WORK INSTRUCTIONS: Your copy should run exactly from the line containing "Snapshot of thomas2wood" to the last line of the entries below, and it should include no pictures.

Captioned web images:
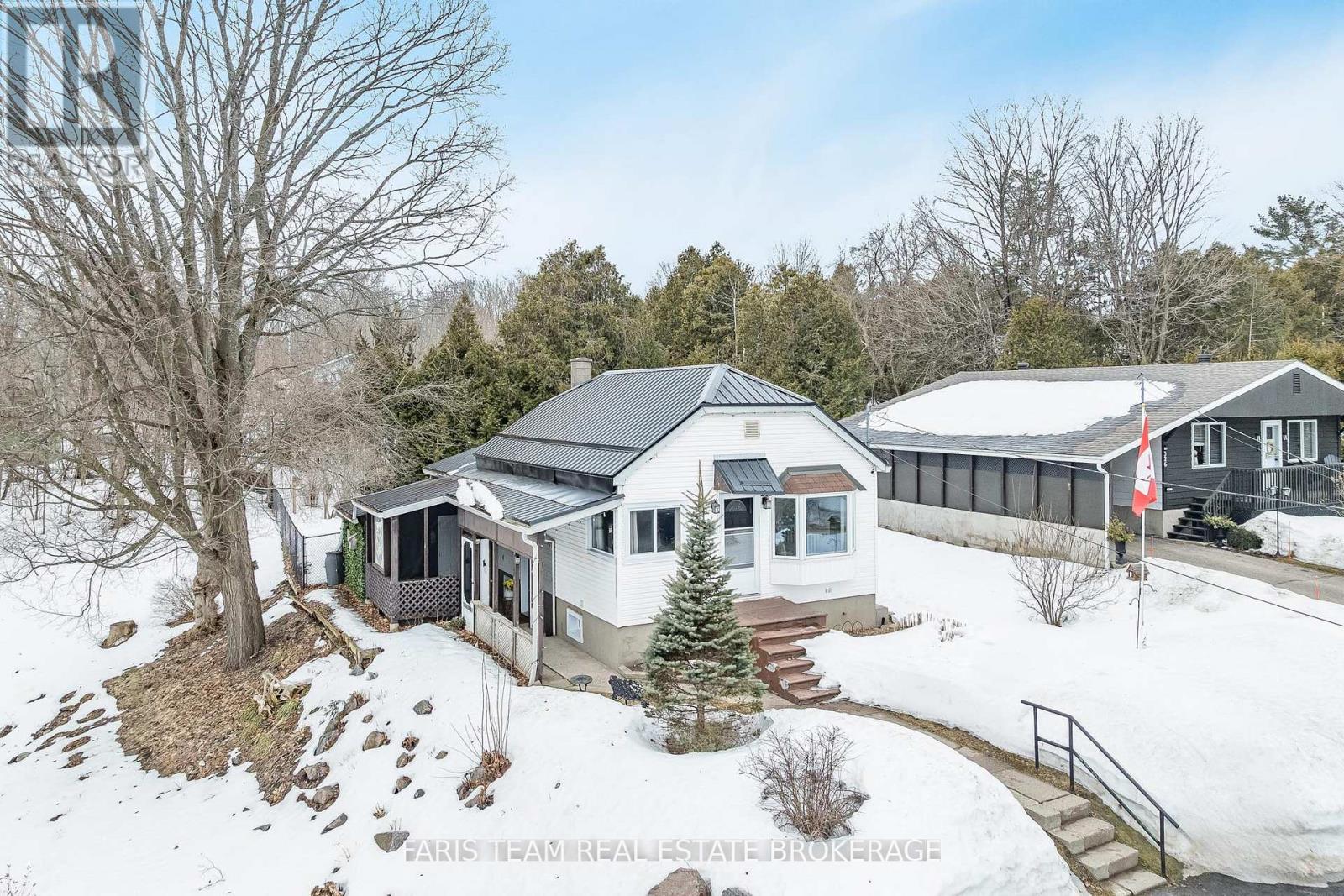 328 Percy Street, Tay, Ontario  L0K 2C0 - Photo 1 - S12876408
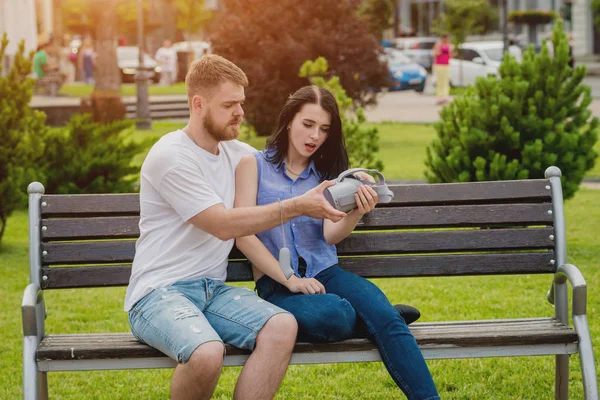 Jeune Couple Caucasien Joue Jeu Utilisant Des Lunettes Réalité Virtuelle — Photo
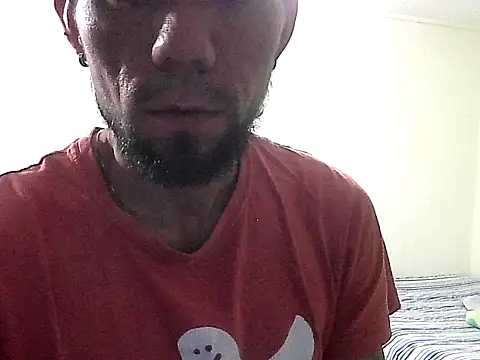 Snapshot of thomas2wood chatting on 06.05.26 thomas2wood online show from 06.05.26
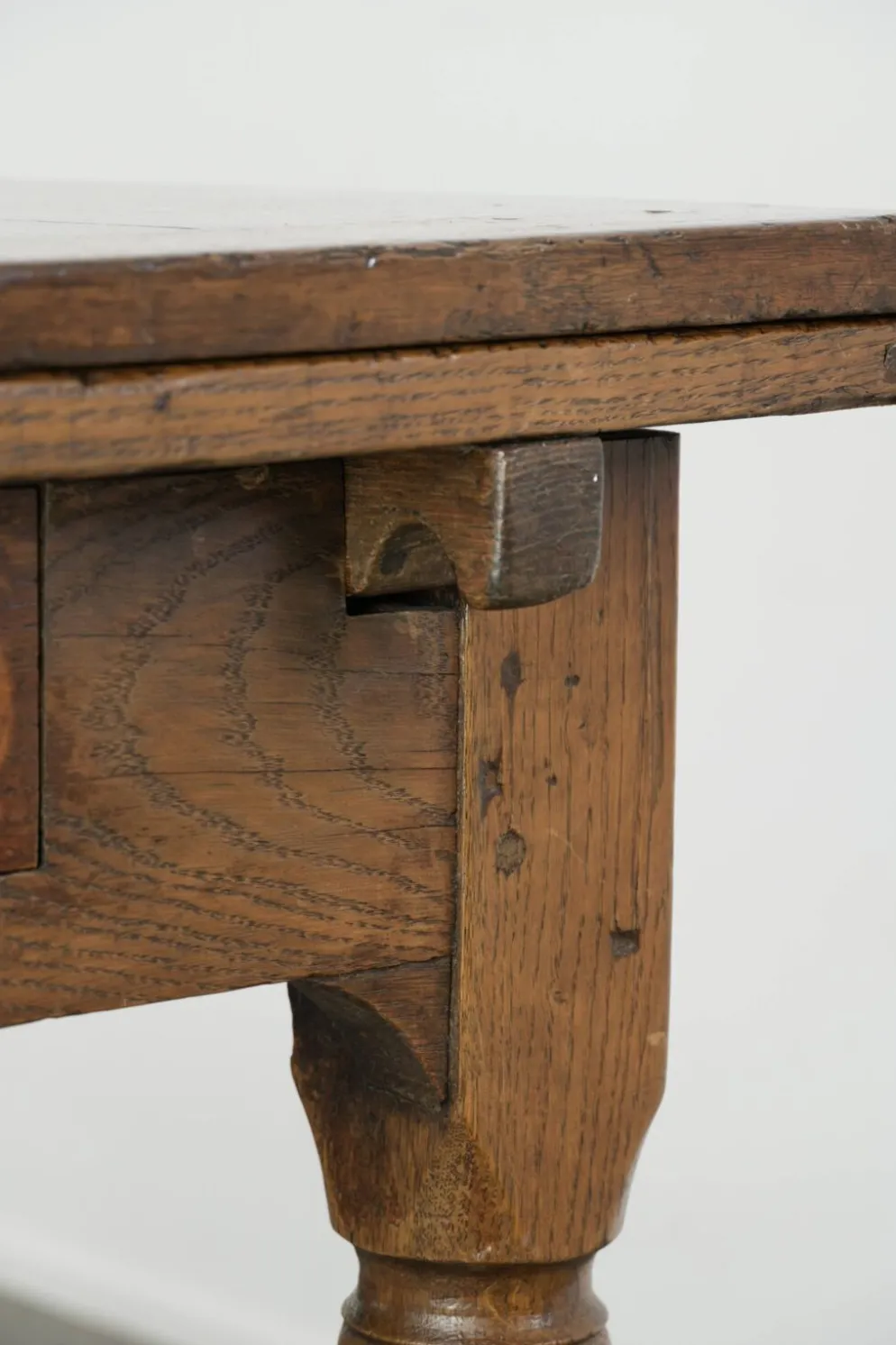 Table à manger en chêne ancien de la fin du XVIIIe siècle avec des rallonges.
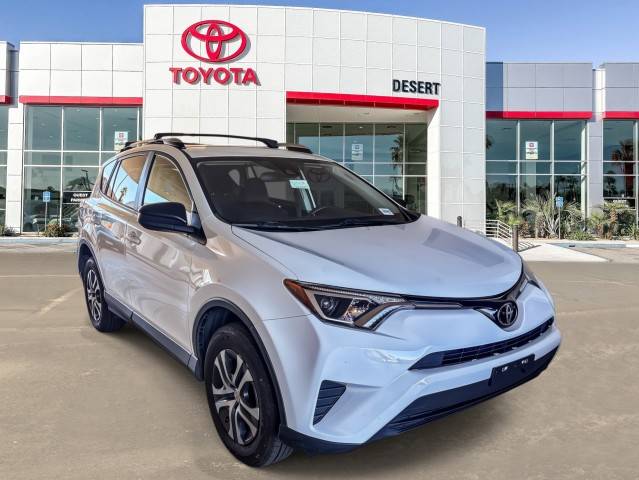 2017 Toyota RAV4 LE AWD photo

REPLY:
 Snapshot of thomas2wood chatting on 06.05.26 thomas2wood online show from 06.05.26
 Table à manger en chêne ancien de la fin du XVIIIe siècle avec des rallonges.
 2017 Toyota RAV4 LE AWD photo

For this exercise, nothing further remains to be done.